Obituaries

Al Schenker helped establish Lake Waubeeka

Al Schenker at Lake Waubeeka

Abraham L. (Al) Schenker, formerly of New York City and Danbury, died on Nov. 8 in Reston, Va. He was 98.
Born in 1911 and raised on the Lower East Side of Manhattan, Schenker spent 30 years after retiring in Lake Waubeeka, a summer community in Danbury founded in the early 1950s by Jewish firefighters from New York City.
He worked many manual jobs throughout his life, says daughter Barbara Sontz, but his proudest achievements were as a builder. In the mid-‘50s, he helped build small bungalows for some of the original founders of Lake Waubeeka. Schenker and three of his four brothers helped build the community’s small synagogue, Congregation Mount Moses.
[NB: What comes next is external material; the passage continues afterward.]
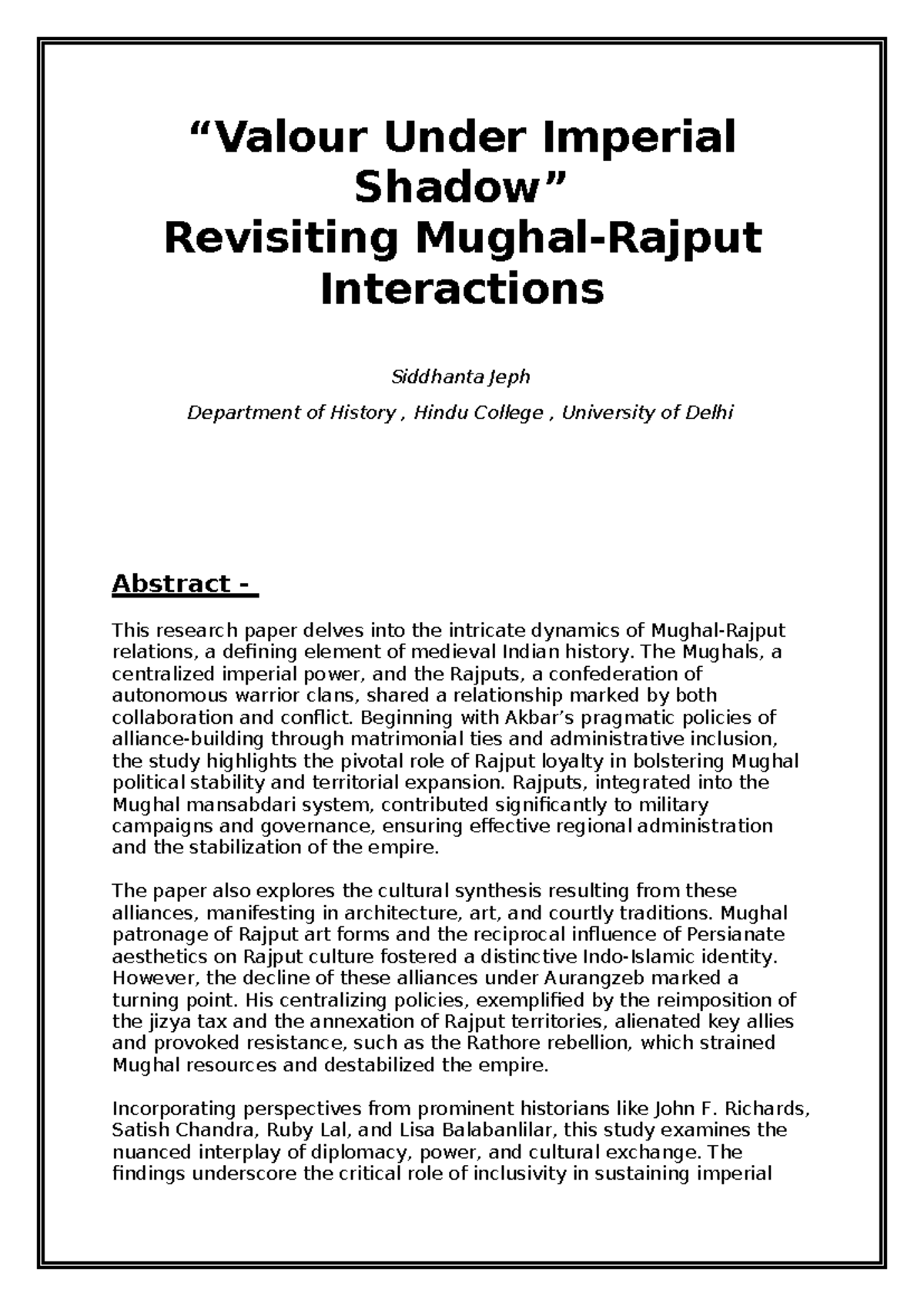 MAIN Research Paper - “Valour Under Imperial Shadow” Revisiting Mughal ...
In the ‘50s and ‘60s, during summers and on Jewish holidays, some 50 members of the extended Schenker family lived in Lake Waubeeka. Al and his wife Ida purchased land there in the mid-‘60s, and Al would commute on weekends from the family home in the Bronx to build a home, large enough to accommodate family visits, where he and Ida retired in the early ‘80s.
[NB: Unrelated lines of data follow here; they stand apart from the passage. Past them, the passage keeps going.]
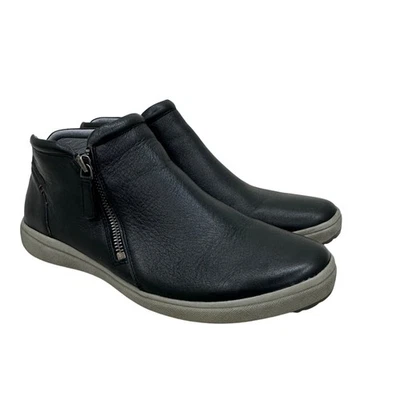 Josef Seibel Caren Black Leather Side Zip Ankle Booties Shoes Womens 40 US 9-9.5 - Image 1 of 4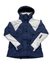 The HH Tri-Color Shell Jacket is a blue and white ski jacket with a front zipper, high collar, adjustable cuffs, branded left-sleeve tag, water-resistant shell, and color-block design.
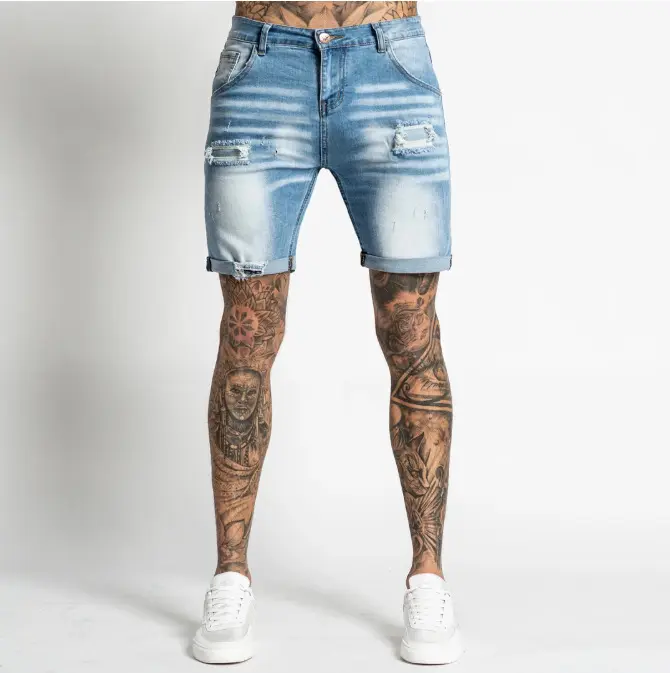 Short en jean pour homme, coupe Slim, déchiré, pantalon court en Denim, vente en gros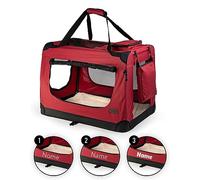 lionto Transportín para Perros Bolsa transportín para Perros Transportín Plegable Autobox Bolsa para Animales pequeños, (L) 70x52x50 cm Rojo (con Nombre Impreso)
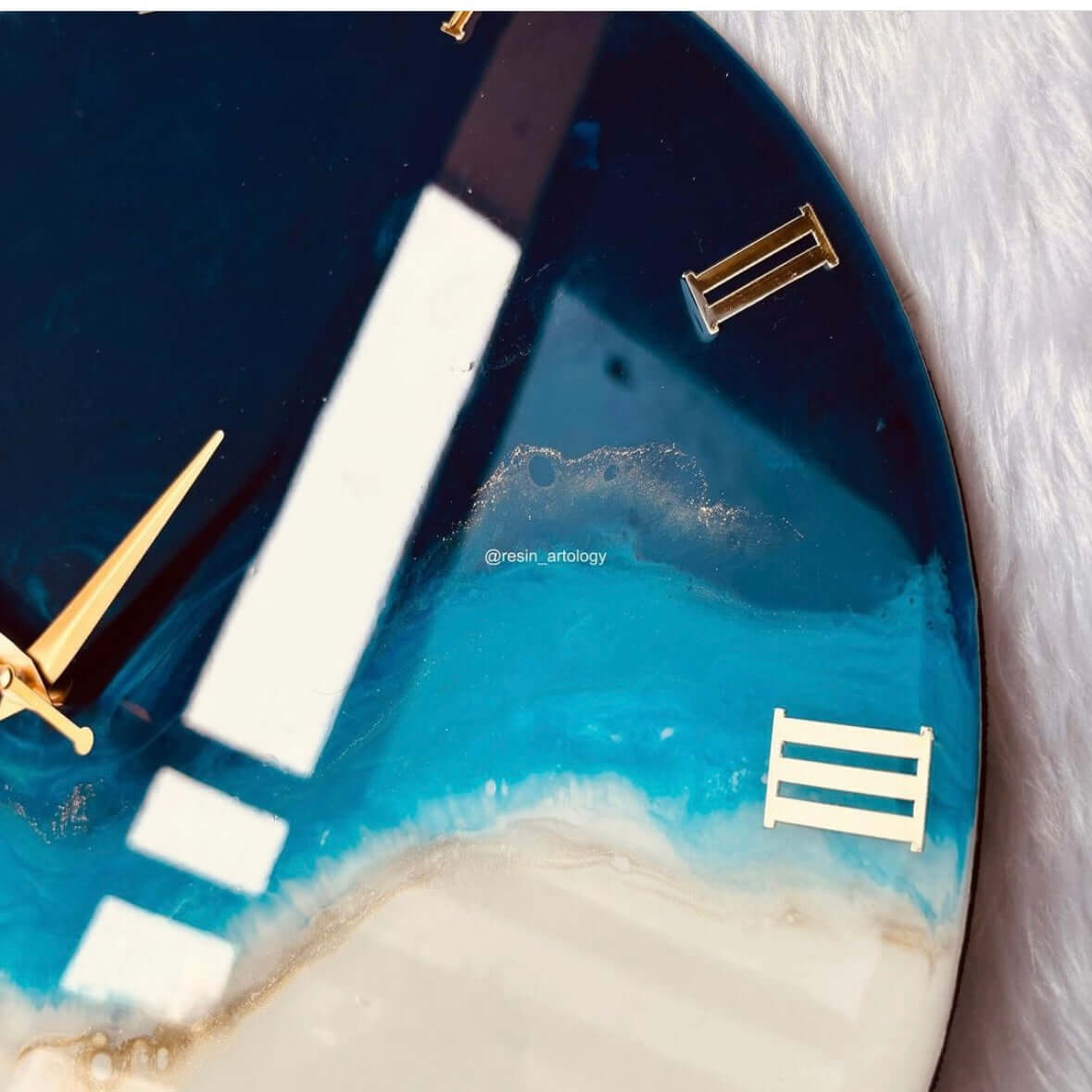 Epoxy Resin Wall Clock | Unique home decor | Housewarming gift - Blue and White Clock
“Mom and Dad were active members of the Lake Waubeeka community,” says Sontz. “They had lots of friends who were among the generation of the original founders; some came just for the summer, some lived there all year ‘round. They participated in activities at the Jewish Federation in Danbury, and Mom would host an annual fund-raising luncheon for Federation each summer. Dad and his brother Barney helped clean the shul and to keep it in good repair, and Dad became the Saturday-afternoon Kiddush-maker for many years. He took special delight in an envelope he received addressed to ‘Rabbi Abraham Schenker, Congregation Mount Moses.’”
Mac Koven, a member of the community and a former art director, designed a series of plaques representing the Twelve Tribes of Israel. Schenker created the plaques on his jigsaw and Koven painted and inscribed them. The plaques still hang in Congregation Mount Moses.
“The five Schenker brothers were very proud to be Kohanim,” says Sontz. “They were also all very tall and had tall sons. So, on Rosh Hashanah, when the Priestly Blessings were given, there were some very big men duchening.”